### Brief
The stretch from the line with "after reaching the" through the line with "Close up view" in the records below: write it out exactly, and nothing else.

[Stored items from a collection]
────────────────────

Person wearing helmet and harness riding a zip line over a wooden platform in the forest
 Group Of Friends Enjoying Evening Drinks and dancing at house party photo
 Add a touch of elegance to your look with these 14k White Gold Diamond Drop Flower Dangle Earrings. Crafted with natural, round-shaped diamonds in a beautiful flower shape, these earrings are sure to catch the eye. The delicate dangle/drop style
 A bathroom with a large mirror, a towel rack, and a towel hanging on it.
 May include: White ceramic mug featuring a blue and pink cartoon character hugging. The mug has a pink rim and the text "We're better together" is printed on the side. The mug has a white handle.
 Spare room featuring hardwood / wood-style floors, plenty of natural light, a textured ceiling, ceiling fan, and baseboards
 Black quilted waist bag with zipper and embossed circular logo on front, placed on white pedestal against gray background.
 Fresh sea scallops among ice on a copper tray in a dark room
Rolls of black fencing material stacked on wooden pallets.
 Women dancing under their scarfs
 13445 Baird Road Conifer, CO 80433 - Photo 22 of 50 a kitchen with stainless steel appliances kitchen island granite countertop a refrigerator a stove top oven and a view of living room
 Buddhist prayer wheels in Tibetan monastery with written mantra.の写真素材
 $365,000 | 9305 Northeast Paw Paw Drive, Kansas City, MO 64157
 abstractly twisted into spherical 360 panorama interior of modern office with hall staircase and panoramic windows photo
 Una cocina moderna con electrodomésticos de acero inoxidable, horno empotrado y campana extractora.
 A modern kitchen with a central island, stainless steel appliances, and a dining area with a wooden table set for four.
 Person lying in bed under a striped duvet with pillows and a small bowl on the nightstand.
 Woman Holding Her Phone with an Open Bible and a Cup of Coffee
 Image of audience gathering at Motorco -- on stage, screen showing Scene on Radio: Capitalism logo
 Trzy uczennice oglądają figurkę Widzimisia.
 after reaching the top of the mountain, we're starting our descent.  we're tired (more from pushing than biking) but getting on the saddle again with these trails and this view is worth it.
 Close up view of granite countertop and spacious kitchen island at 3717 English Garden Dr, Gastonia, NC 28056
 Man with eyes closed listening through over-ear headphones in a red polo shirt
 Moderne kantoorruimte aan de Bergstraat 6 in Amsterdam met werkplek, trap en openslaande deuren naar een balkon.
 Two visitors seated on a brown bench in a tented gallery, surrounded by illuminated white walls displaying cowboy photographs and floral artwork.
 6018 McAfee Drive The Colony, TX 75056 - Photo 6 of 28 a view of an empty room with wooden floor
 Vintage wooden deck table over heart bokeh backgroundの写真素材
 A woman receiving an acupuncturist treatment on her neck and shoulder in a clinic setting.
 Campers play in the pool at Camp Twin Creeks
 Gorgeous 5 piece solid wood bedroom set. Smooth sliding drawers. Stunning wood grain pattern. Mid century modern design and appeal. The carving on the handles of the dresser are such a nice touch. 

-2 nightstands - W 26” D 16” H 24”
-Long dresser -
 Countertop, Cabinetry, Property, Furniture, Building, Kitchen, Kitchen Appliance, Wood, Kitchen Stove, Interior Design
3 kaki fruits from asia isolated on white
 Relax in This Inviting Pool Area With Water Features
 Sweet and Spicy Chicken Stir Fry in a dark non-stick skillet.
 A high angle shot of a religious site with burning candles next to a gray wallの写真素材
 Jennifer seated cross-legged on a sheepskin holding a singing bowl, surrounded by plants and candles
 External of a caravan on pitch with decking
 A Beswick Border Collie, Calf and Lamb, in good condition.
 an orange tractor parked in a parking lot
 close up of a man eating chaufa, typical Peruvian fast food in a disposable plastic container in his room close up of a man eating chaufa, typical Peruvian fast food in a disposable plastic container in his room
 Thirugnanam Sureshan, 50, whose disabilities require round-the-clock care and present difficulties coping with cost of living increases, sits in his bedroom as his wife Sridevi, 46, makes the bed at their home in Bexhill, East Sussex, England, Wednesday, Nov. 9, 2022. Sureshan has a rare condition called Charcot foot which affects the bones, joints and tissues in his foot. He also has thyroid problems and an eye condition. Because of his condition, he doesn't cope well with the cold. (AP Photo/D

────────────────────

### Result
 after reaching the top of the mountain, we're starting our descent.  we're tired (more from pushing than biking) but getting on the saddle again with these trails and this view is worth it.
 Close up view of granite countertop and spacious kitchen island at 3717 English Garden Dr, Gastonia, NC 28056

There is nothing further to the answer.